Disadvantages of computer-delivered IELTS

Before deciding to take the computer-delivered IELTS test, we believe, you should know the disadvantages this test format might have for some candidates. If these disadvantages are ignorable for you and you find the advantages of taking computer-delivered IELTS more appealing, you should proceed and book this version of the test.

So here are a few disadvantages of taking the computer-delivered IELTS test:

Disadvantage # 1: If you have never used a computer before, this test if not for you. Also, if your typing speed is extremely slow, you will find this test harder than you think.

Disadvantages # 2: If you take a computer-delivered test, your computer screen will be locked at the exact time (exact minute and second), so you won’t be able to make any last-minute corrections.

Disadvantages # 3: The timer on the computer screen will not display the seconds in the last minute. So during the last minute of your test, you won’t know how many seconds you still have.

Disadvantages # 4: The computer-delivered test is conducted in a computer lab and multiple candidates (sometimes even 15-20 plus) takes the same test. So during the writing test, all the candidates would be typing at the same time and this would create a noise that might distract you.

Disadvantages # 5: If you are not accustomed to writing on a computer screen and making corrections of typos and sentences, the chances are that you will find it difficult while you take the test on a computer rather than on a paper.

Disadvantages # 6: While taking the listening test, you will be given a pen and paper for making notes. But you need to type your answers directly into the computer. This means you need to be able to listen and type at the same time.
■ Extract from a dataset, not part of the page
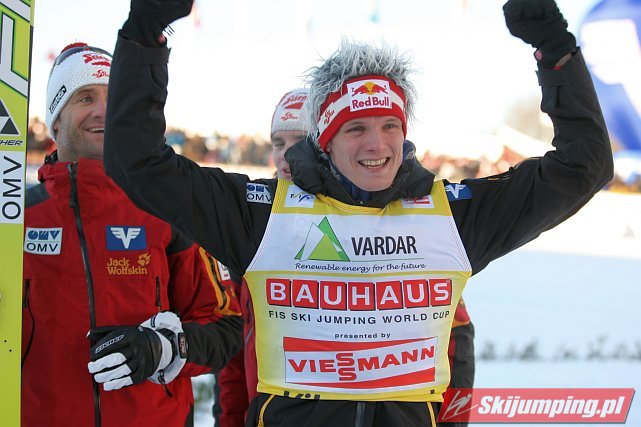 176 Thomas Morgenstern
If this is something new to you, you will find it difficult.

Disadvantages # 7: In your Listening test, you will have only 2 minutes to check your answers, not 10 minutes to transfer answers as you do in a paper-based Listening test. Some students take only 4-5 minutes to transfer the answers to the answer sheet and utilise the remaining 5-6 minutes to revise, make corrections and answer anything they have missed. In a computer-delivered test, you can’t do that.

Disadvantages # 8: Moving from one section to another or even from one page to another may become time-consuming. And if you do not follow the exact procedure, you might end up wasting some valuable time.
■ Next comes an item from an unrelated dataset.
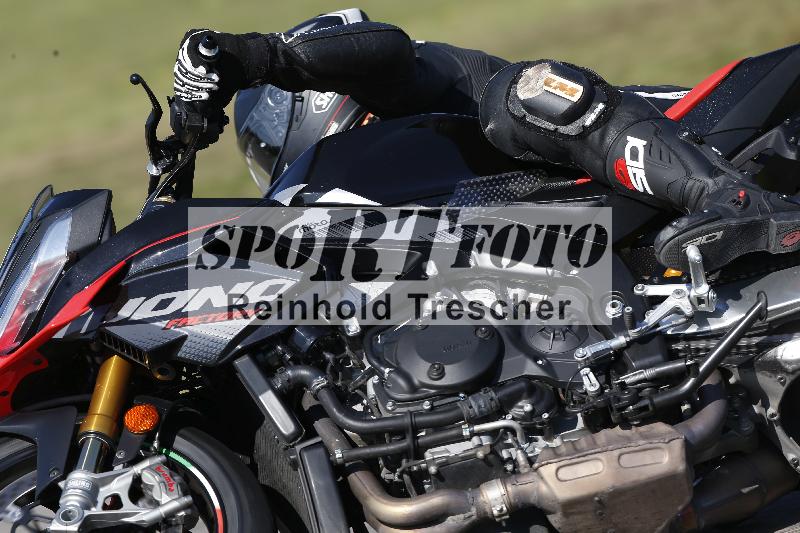 Archiv-2025/49 26.08.2025 Cornu Master School ADR/blau-bleu/57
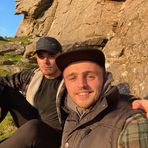 Jack Fellows - Facebook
Disadvantages of taking the “Reading” test in a computer-delivered exam:

There aren’t any major disadvantages of taking the “Reading” test on a computer except for the fact that candidates aren’t allowed to use the ‘search’ function to look for words contrary to their common expectations. Moreover, if you do not feel comfortable reading on a computer, e-book reader or tabloid PC, this test is not for you.

Disadvantages of taking the “Writing” test in a computer-delivered exam:

Yes, there are a few drawbacks in taking the “Writing” test in a computer-delivered exam. For example, the typing speed of some people is not exactly up to the standard, and therefore, they really struggle to finish their answers in time. Besides, since a lot of people type at the same time for an hour, the noise, generated by this typing, can distract the test takers. Then, some test takers make typing errors unintentionally, because of their weak typing capabilities, but are not able to correct those mistakes, simply because it is not always possible to identify all the spelling mistakes within the stipulated period of time. Finally, most people like to draw arrows/lines/circles on charts/graphs so that the key features of the graph are easier to distinguish, but unfortunately, they can’t do it on the academic writing task.

Disadvantages of taking the “Listening” test in a computer-delivered exam:

The major disadvantage of taking the “Listening” test in a computer-delivered exam is that the test takers do not get 10 minutes to transfer their answers at the end of the test (even though, they get more time in between each section, and 2 minutes in the end), as opposed to the paper-based exam. By the way, some students like this 10 minutes transfer time because they can go back and check their answers and spelling when taking a paper-based test. But, unfortunately, that’s not the case with the computer-based listening test.

Besides, students actually have to type or even click and drag the answers directly, as they listen to each section, which many students may find a bit difficult.